En aquel momento se oyeron pasos en la antecámara, y el mariscal de la Meilleraie se presentó en la puerta.
—¡Ah! mariscal, ¿estáis ahí? —exclamó con regocijo Ana de Austria—. Supongo que habréis metido en cintura a toda esa canalla.
—Señora —dijo el mariscal—, he perdido tres hombres en el Puente Nuevo, cuatro en los mercados, seis en la esquina de la calle del Árbol Seco, y dos en la puerta de vuestro palacio: total quince. Traigo diez o doce heridos. Mi sombrero ha ido a parar de un balazo no sé dónde, y es muy probable que yo hubiese ido a reunirme con él, a no ser por el señor coadjutor, que se presentó y me sacó del apuro.

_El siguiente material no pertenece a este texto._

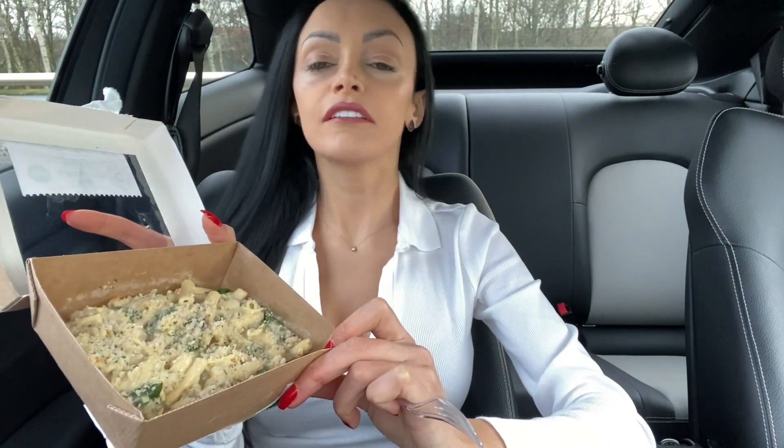The cashier in Costa was so sweet. He complimented my hair — he was like, 'Oh, your hair looks amazing.' He made my day. So this is how the macaroni cheese looks like.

—¿El coadjutor? —dijo la reina—. Extraño sería que no anduviera en la danza.
—Señora —dijo la Meilleraie riendo—, no hable V. M. muy mal de él delante de mí, porque aún está reciente el servicio que me ha hecho.
—Bien —replicó la reina—, profesadle todo el agradecimiento que queráis; yo no tengo ninguna obligación para con él. Lo único que deseaba era veros sano y salvo; me alegro de que vengáis, o mejor dicho, de que volváis así.
—Sí, señora; pero he vuelto sano y salvo con una condición, cual es la de haceros presente la voluntad del pueblo.
—¡Su voluntad! —exclamó Ana de Austria frunciendo el ceño—. ¡Oh! En gran peligro debéis de haberos hallado, señor mariscal, para encargaros de tan extraña misión.
No pasó desapercibido para el mariscal el tono de ironía con que fueron pronunciadas estas palabras.
—Perdone V. M. —repuso—; no soy abogado, sino militar, y por tanto, acaso comprenda mal el valor de las palabras; debí decir
los deseos
y no la voluntad del pueblo. En cuanto a lo que me ha hecho V. M. el honor de responderme, me parece que V. M. quiere decir que he tenido miedo.
La reina se sonrió.
—Pues bien, sí, señora, he tenido miedo: es la tercera vez que me acontece en mi vida, y sin embargo, me he hallado en doce batallas campales y en no sé cuántas acciones y escaramuzas; sí, he tenido miedo, y prefiero estar frente a frente con S. M., por amenazadora que sea su sonrisa, que con esos diablos del infierno que me han acompañado hasta aquí y que han salido de no sé dónde.
—¡Muy bien! —dijo D’Artagnan a Porthos en voz baja.
—¿Y cuáles son los deseos de mi pueblo? —dijo la reina mordiéndose los labios, en tanto que los cortesanos se miraban unos a otros con asombro.
—Que les vuelvan a Broussel, señora —contestó el mariscal.
—¡Jamás! —dijo la reina—. ¡Jamás!
—V. M. puede hacer lo que guste —repuso Meilleraie saludando y dando un paso.